[break]
Tylu telefonów z tego fragmentu Łęgnowa nie mieliśmy już dawno. - To już nawet nie o to chodzi, że tam są śmieci, a piasek na jezdniach zalega chyba od zimy - opowiada jedna z mieszkanek. - Ja się normalnie boję chodzić na przystanek tramwajowy na ulicy Hutniczej. Co tam nie przyjdę, siedzą pijacy, piją, palą, awanturują się, zaczepiają innych...
Inny mieszkaniec tzw. osiedla awaryjnego twierdzi: - Tutaj nie ma regularnych patroli policji. Mamy tu sklep, pod którym notorycznie dochodzi do kłótni. Piją wódkę i się kłócą. Może kiedyś ktoś kogoś zabije. Czy naprawdę policja lub straż miejska nie wie, że tu, na tym osiedlu, mieszkają także normalni ludzie?

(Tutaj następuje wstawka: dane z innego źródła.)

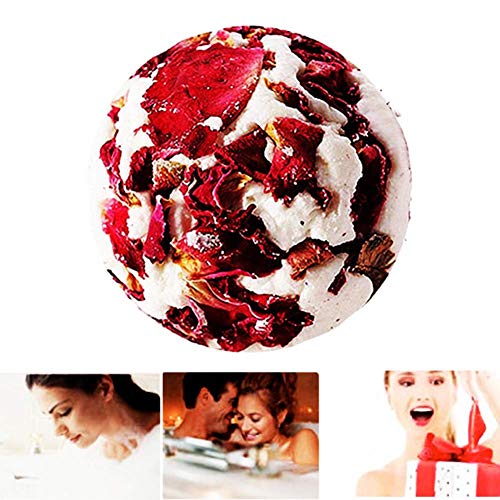 Bomba de Baño, Rosa Pétalos Blanqueamiento Exfoliante Ducha Cuidado de Piel Baño Bolas, Suavizante Masaje Limpieza Profunda, para Mujer, Mom's , de Niña - Como lo Muestra la Imagen Muestra, free size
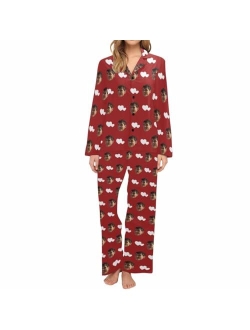 Artsadd Custom Pajama Sets with Face, Personalized Pajamas Funny Sleepwear with Photo Two Piece PJ Set Pjs Gifts for Women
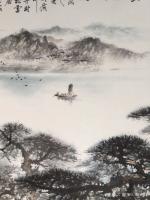 艺术家罗树辉日记:再画四尺《一叶轻舟万里途》。--“潮平两岸阔，风正一帆悬”。【图4】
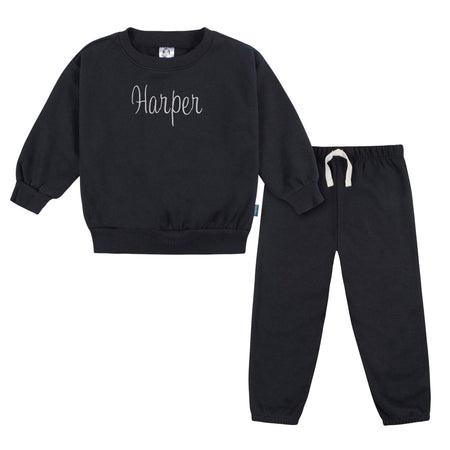 Embroidered 2-Piece Infant & Toddler Neutral Black Sweatshirt & Pant Set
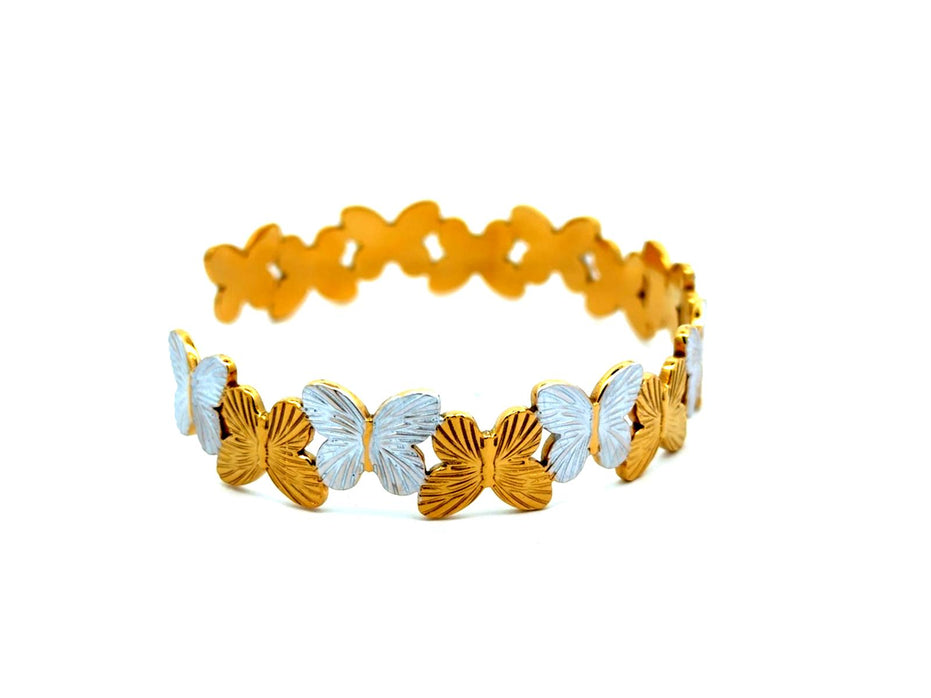 Two Tone Butterfly Cuff Bracelet
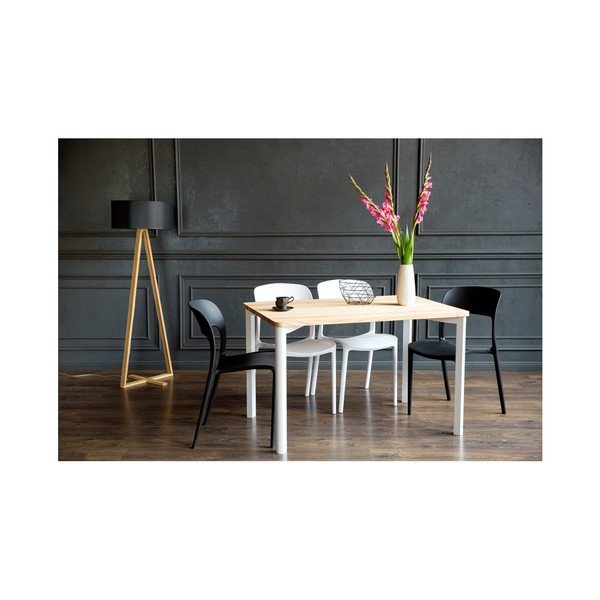 Valge ümarate jalgadega söögilaud TRIVENTI, 120 x 80 cm Triventi - Ragaba-image-1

Policjanci i strażnicy miejscy bronią się, że podobne przypadki nie są im zgłaszane. I jedna, i druga służba doskonale zna specyfikę tego fragmentu miasta.
- Służba patrolowa jest tam codziennie, częściej w godzinach popołudniowych, co jest zrozumiałe - mówi Przemysław Słomski z zespołu prasowego Komendy Wojewódzkiej Policji w Bydgoszczy. - To dla nas zadanie stałe, choćby z uwagi na to, że jest tam sklep z alkoholem. Do patrolowania wykorzystujemy także oddziały prewencji.

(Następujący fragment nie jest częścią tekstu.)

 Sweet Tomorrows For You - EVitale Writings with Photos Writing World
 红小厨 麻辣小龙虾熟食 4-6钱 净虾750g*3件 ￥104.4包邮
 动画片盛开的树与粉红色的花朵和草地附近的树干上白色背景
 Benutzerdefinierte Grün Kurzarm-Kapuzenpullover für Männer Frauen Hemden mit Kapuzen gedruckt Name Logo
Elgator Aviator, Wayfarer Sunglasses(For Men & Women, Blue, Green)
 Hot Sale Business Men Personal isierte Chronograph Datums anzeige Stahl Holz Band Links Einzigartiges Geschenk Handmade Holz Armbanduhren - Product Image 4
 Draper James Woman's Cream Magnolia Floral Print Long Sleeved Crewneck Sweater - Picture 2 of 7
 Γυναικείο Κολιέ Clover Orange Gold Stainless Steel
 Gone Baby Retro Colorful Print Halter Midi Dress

I jakie są skutki? W ciągu ostatnich dwóch tygodni zgłoszono policji picie alkoholu na Świetlicowej... jeden raz. Drugi przypadek był na Spółdzielczej.

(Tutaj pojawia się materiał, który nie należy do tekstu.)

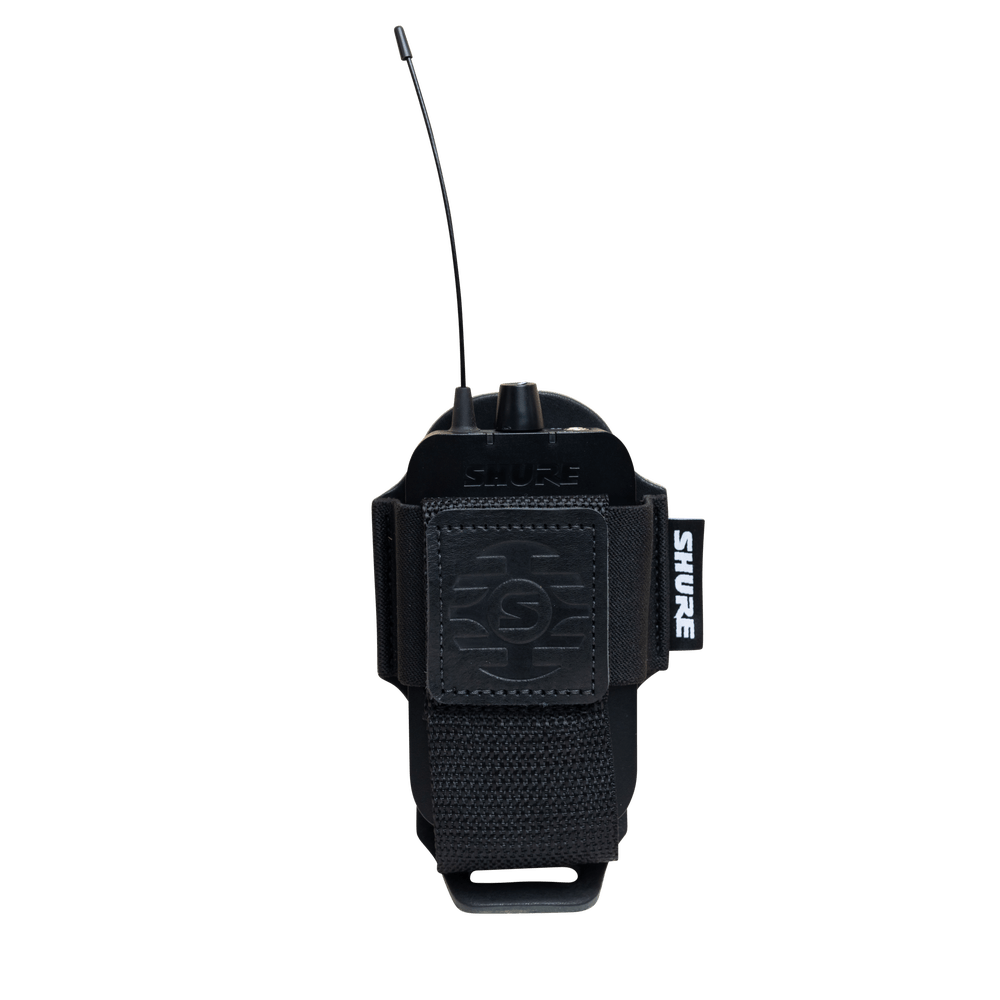 Shure Premium Black Leather Wireless Bodypack Transmitter Pouch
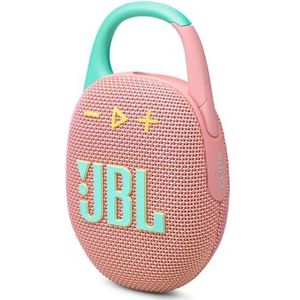 JBL Clip 5, Ultra-Portable Bluetooth Speaker met geïntegreerde karabijnhaak, JBL Pro Sound, PlaytimeBoost, Waterdicht ontwerp, 12 uur speeltijd, in het roze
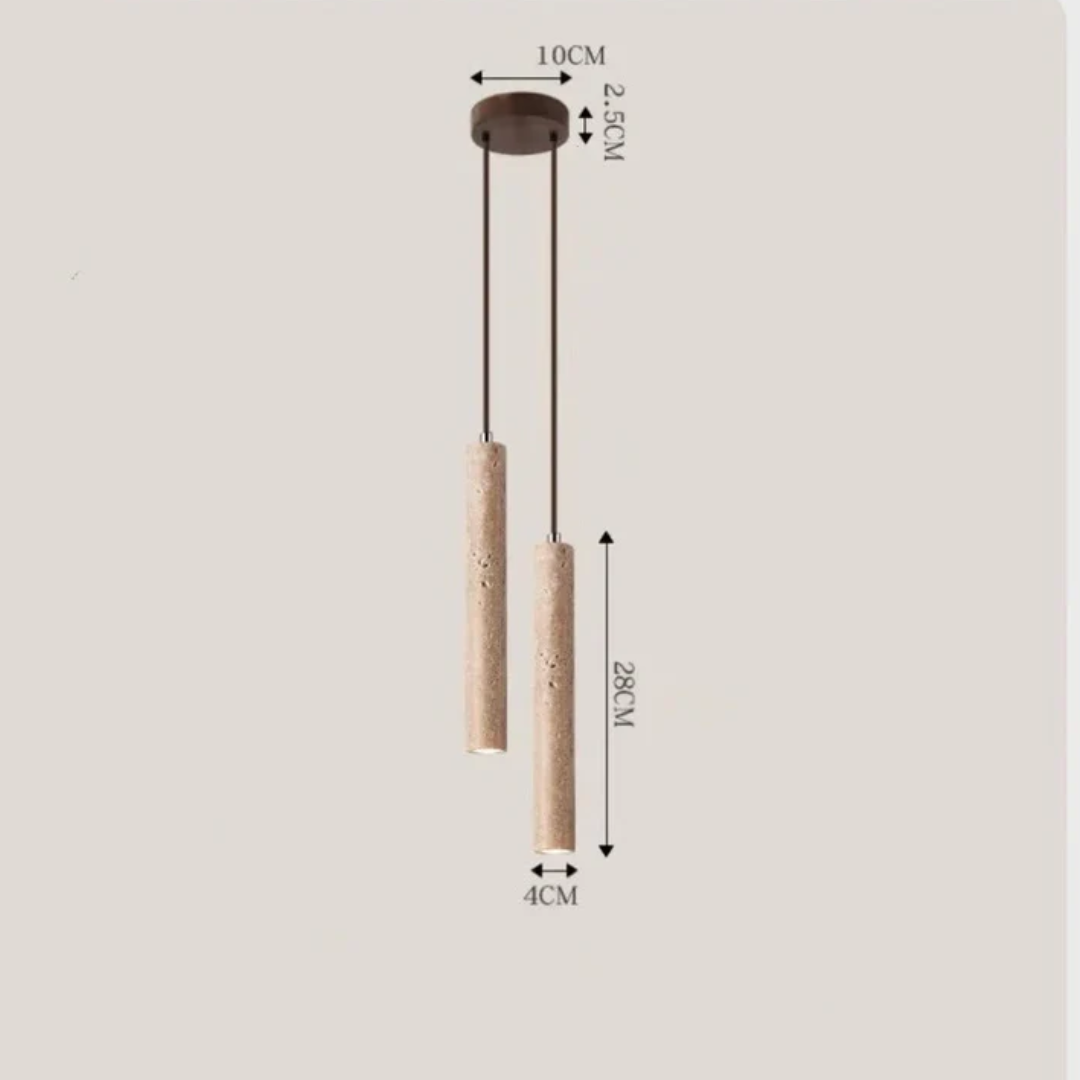 LumoLine – Wabi-Sabi Travertine LED Chandelier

- Pojawiają się zgłoszenia z tego rejonu, ale dotyczą one także np. zepsutego oświetlenia ulicznego - mówi Arkadiusz Bereszyński, rzecznik Straży Miejskiej w Bydgoszczy. - Musimy pamiętać, że jest sezon urlopowy, a za służby w niedziele także należy się dzień wolny...
Od początku roku strażnicy zbyt wiele pracy w Łęgnowie nie mieli. Na Hutniczej było dziewięć zgłoszeń, ale tylko jedno dotyczyło pijanego, który zasnął w tramwaju. Na Spółdzielczej zgłoszeń było sześć, ale tylko jedno do upitego mężczyzny.
- Pod sklepem karaliśmy mandatami - przypomina Arkadiusz Bereszyński.